(Beginning of Entries provided)

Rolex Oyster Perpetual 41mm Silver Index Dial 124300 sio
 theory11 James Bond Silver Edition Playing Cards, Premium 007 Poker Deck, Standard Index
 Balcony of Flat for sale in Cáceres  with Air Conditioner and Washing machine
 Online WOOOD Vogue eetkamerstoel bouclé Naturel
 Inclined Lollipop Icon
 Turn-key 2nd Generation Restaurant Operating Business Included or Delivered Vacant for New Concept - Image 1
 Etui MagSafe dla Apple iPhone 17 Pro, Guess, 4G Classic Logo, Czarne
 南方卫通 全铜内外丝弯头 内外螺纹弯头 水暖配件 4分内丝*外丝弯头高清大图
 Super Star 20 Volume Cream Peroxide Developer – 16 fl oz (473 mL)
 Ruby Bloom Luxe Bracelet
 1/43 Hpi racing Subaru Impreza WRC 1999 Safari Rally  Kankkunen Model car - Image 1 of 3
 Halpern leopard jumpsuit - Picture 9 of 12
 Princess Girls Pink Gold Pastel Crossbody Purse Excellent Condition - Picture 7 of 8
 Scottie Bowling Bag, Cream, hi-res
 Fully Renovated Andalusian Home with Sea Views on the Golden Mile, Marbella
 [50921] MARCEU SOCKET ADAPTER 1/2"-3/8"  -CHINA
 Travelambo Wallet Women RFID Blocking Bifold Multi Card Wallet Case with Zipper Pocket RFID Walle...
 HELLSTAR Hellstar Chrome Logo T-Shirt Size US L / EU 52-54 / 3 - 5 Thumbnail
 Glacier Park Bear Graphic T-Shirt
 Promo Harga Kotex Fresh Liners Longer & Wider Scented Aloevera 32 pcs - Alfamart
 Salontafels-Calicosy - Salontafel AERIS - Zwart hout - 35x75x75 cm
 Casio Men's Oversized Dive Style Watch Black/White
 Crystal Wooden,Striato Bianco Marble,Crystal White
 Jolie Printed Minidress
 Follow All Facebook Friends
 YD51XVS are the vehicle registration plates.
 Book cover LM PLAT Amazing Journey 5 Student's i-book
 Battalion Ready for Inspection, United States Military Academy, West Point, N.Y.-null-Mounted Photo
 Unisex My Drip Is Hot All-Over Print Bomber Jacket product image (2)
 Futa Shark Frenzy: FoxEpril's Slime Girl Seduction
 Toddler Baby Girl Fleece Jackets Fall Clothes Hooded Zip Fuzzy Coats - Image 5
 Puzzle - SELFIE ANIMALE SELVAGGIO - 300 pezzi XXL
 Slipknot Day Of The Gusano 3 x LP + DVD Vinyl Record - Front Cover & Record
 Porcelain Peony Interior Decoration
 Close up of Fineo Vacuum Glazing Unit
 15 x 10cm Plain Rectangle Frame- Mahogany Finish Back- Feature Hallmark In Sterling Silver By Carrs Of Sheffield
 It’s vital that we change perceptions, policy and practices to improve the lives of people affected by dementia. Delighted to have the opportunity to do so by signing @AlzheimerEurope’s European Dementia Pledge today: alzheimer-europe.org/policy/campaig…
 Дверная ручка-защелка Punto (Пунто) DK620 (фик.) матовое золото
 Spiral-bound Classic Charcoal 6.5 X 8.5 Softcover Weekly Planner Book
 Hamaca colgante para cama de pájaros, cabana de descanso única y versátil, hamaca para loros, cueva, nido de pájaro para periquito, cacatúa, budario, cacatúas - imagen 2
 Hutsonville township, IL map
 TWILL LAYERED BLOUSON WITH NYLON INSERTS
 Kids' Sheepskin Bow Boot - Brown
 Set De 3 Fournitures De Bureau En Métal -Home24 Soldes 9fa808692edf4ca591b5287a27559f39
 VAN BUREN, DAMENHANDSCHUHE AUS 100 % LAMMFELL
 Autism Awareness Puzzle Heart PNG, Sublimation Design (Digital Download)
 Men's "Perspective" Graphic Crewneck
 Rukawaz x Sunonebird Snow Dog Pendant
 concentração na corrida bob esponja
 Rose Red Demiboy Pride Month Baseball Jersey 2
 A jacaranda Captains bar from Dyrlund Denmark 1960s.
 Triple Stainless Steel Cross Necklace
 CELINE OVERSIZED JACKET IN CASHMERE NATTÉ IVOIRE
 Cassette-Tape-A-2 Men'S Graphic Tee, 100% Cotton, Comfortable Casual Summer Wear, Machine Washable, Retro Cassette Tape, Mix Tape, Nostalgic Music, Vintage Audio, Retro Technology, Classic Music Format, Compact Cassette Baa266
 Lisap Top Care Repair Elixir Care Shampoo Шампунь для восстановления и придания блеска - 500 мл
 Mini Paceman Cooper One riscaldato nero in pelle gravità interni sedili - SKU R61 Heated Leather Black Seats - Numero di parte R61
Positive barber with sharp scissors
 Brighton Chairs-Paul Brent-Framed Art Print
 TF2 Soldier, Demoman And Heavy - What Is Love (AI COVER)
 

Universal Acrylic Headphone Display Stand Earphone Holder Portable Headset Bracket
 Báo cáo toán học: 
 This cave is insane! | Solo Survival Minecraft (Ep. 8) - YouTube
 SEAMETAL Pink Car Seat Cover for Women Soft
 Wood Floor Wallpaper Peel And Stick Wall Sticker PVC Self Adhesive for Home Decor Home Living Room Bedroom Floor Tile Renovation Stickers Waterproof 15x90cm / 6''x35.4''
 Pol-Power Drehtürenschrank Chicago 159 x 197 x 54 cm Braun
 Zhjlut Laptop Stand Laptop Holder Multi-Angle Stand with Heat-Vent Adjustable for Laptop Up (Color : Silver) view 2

(End of Entries provided)

:: Work request ::
Starting from the line that contains "SEAMETAL Pink Car Seat Cover for Women Soft", give again every line to the last line of the data, exactly. Include nothing else.

:: Answer below ::
 SEAMETAL Pink Car Seat Cover for Women Soft
 Wood Floor Wallpaper Peel And Stick Wall Sticker PVC Self Adhesive for Home Decor Home Living Room Bedroom Floor Tile Renovation Stickers Waterproof 15x90cm / 6''x35.4''
 Pol-Power Drehtürenschrank Chicago 159 x 197 x 54 cm Braun
 Zhjlut Laptop Stand Laptop Holder Multi-Angle Stand with Heat-Vent Adjustable for Laptop Up (Color : Silver) view 2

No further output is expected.